Table of Contents
gRPC / gNMI is the latest Yang-based network automation method that is the topic of this module.
In this section, we introduce gRPC and gNMI and compare it to the RESTCONF and NETCONF protocols, the other two Yang-based network automation methods that we discussed in the previous modules.
gRPC and gNMI Introduction
what are gRPC and gNMI in network automation?
RPC is a protocol that allows one program to request a service from another program located in another computer.
Probably you remember that NETCONF protocol uses RPC commands to request to get or change a configuration in network devices.
gRPC or Google RPC is Google’s version of RPC which is more efficient and faster. It was developed by Google to enable microservices to communicate with each other in a more efficient way.
But the details of gRPC are not important to us. We should only know that it uses protocol buffers (protobufs) to encode data between remote systems.
You can compare protobufs to XML and JSON used in netconf and restconf to encode the data.
Protobufs is not human-readable like XML and JSON, but is more efficient and faster.

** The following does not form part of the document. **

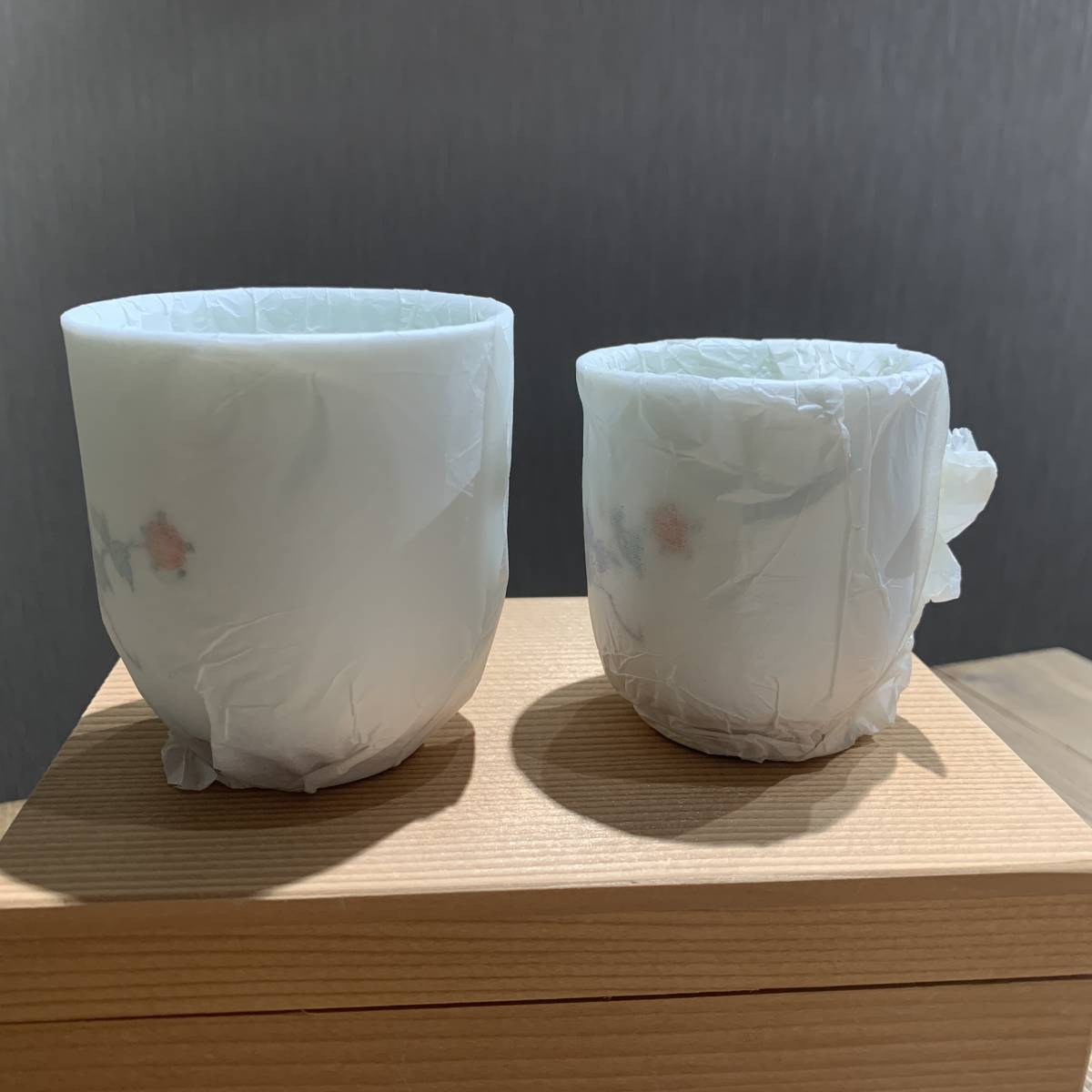 人間国宝 酒井田柿右衛門 十三代 染錦 作 二客 茶道具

gNMI or google RPC network management interface is a specific version of gRPC for network management. It is based on YANG data structure like restconf and netconf and the main topic of this module.
gNMI versus NETCONF and RESTCONF
The protocols gNMI, restconf and netconf, all of them are based on YANG data structure.
Netconf transfer commands to the network devices over SSH. Restconf over HTTP and gNMI over HTTP/2.
In netconf we use rpc commands to get the configuration or edit the configuration of network devices.
The commands, “get” and “get-config” are used to get the configuration or statistics and the command “edit-config” is used to change the configuration.
In restconf we use http commands, mostly “get” and “put” to get or change the configuration.
In gNMI we use gRPC commands, “capabilities” to get supported YANG capabilities, “get” to get the configuration and “set” command to change the configuration.
Finally, a new command, compare to netconf and restconf, “subscribe” in which any application can subscribe itself to any data in supported YANG data structure.
Subscribing allows the data to be streamed to the requestor at regular intervals and also whenever changes.
For example, you can subscribe to the status of interfaces. When the state of the interface changes, this is streamed to your application.
The data sent or received over the netconf protocol is encoded using XML. Both XML and JSON are supported in restconf. Protobufs and also JSON are supported in new gNMI protocol.
gNMI demonstartion resource
To demonstrate gNMI, unfortunately, most Cisco devices do not support gNMI or support it partially. According to Cisco documentation, Cisco network devices running NX-OS 9.3.3 or later fully support gNMi commands.
Therefore, we will use Arista network devices to demonstrate gNMI protocol.
I used an Arista example gNMI demonstration video on YouTube and an Arista openconfig GitHub link in this module for gNMI demonstration.